Task instructions —
Only the lines below from the one containing "Indigo Dusk Pure" through the one containing "Leinwandbilder - Blue" belong in the answer, set down exactly, with the pictures left out.

Input records —
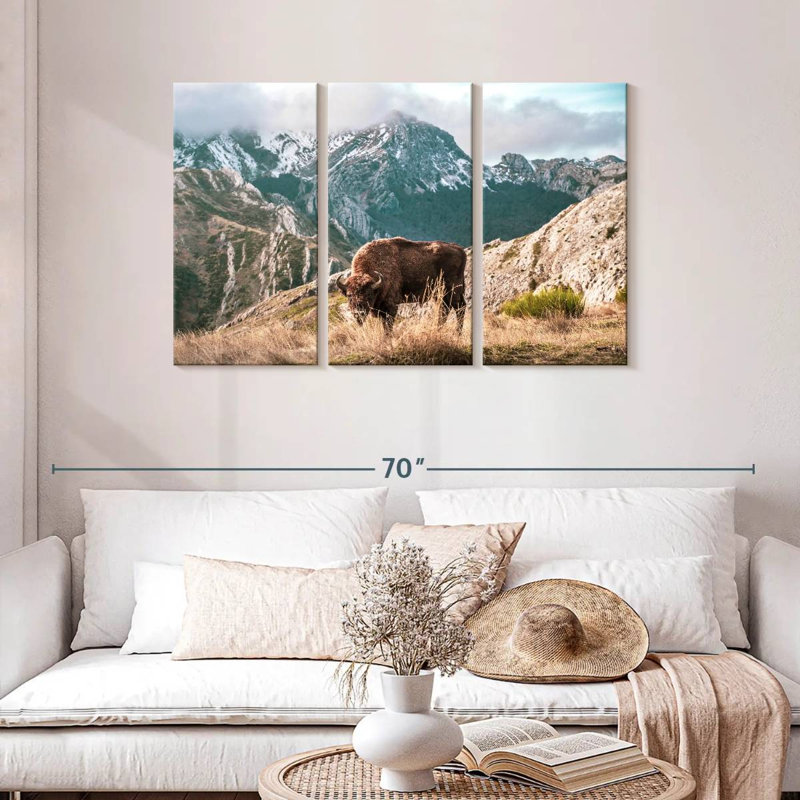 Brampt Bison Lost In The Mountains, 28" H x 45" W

...

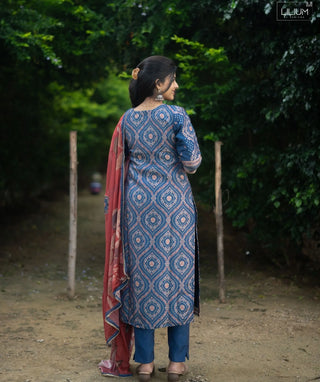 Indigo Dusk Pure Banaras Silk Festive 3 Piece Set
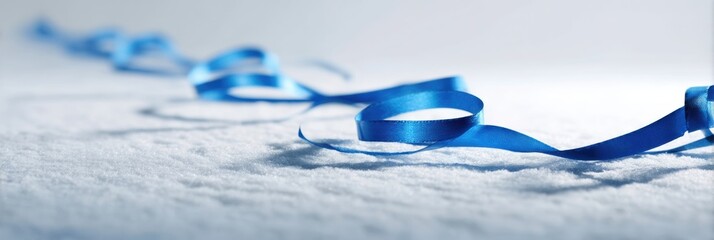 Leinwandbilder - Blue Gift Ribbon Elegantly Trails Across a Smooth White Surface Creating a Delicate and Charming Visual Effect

==

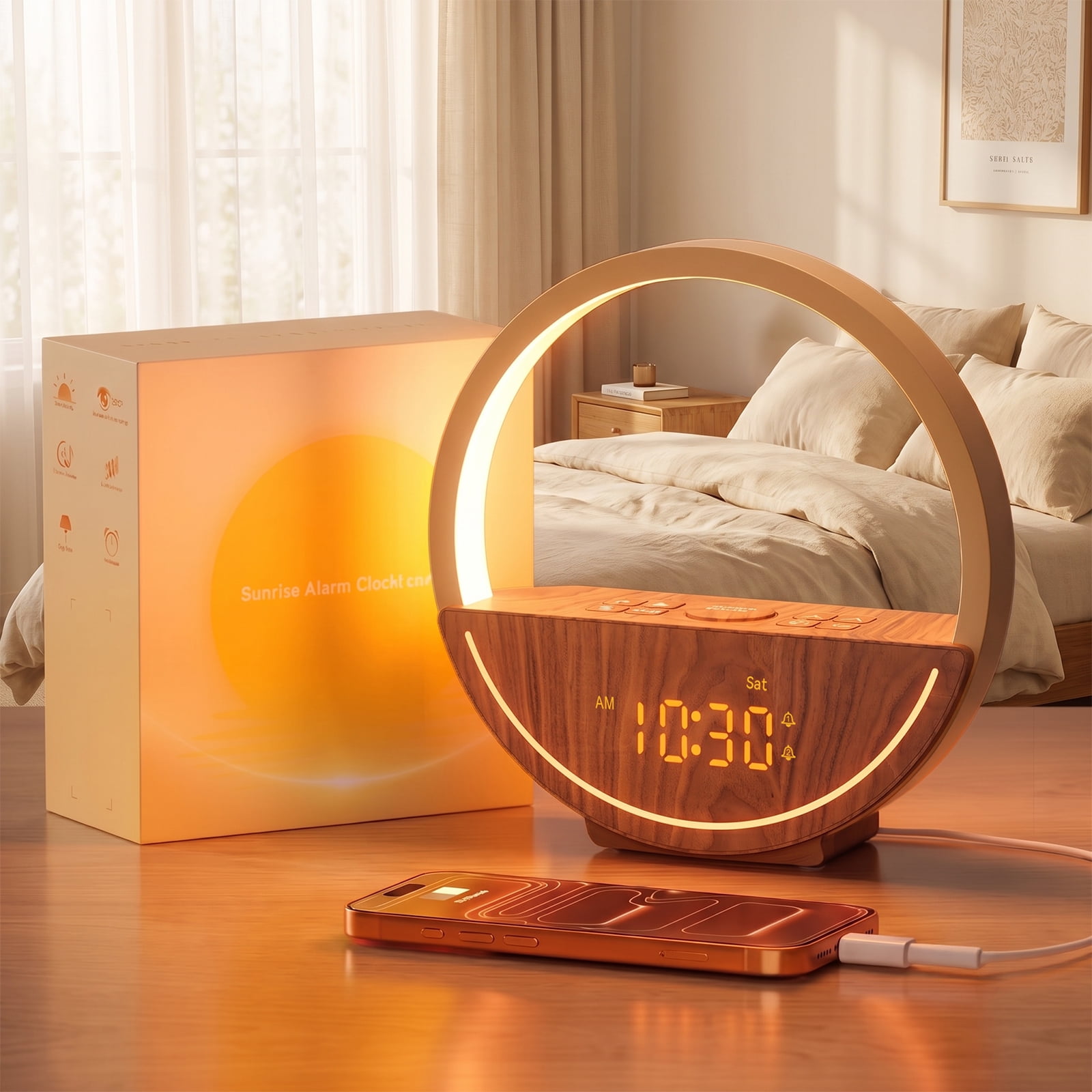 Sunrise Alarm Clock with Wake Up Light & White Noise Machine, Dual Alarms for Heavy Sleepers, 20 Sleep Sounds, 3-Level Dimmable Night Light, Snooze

Answer box —
 Indigo Dusk Pure Banaras Silk Festive 3 Piece Set
 Leinwandbilder - Blue Gift Ribbon Elegantly Trails Across a Smooth White Surface Creating a Delicate and Charming Visual Effect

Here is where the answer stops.